Se era biondo co' l'occhi azzurri era uguale, anzi neanche me ne accorgevo.
Ciò non toglie che se un giorno mi dovesse succedere di sentire mio figlio che apostrofa una persona offendendolo per la razza, il credo o il sesso lo ricondurrei verso casa palleggiando con il suo culo.
E lui lo sa molto bene.
Gli ho raccontato di Hitler, di Auschwitz, dell'olocausto.
Gli ho descritto come abominevole giocare con svastiche e saluti romani tanto che a scuola a fatto lui da "relatore" in classe per spiegare cosa è il giorno della memoria.
Tutto questo non solo oggi che ha 10 anni ma già da 3/4 anni.

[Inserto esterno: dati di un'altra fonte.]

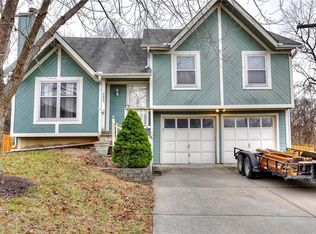 7005 NE 46th St, Kansas City, MO 64117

E' così che si combatte veramente il razzismo non facendo la boccuccia snob e sbrigandosi a salire sul carro degli autoflaggellanti col cilicio delle grandi occasioni per qualcosa che ha fatto qualcun'altro.
Poi resta il fatto che Juan, Simplicio, De Rossi, totti e gli altri devono solo che annà a piasselaandercù.
Tutti meno Giggierrico... glie voglio troppo bene a st'omo.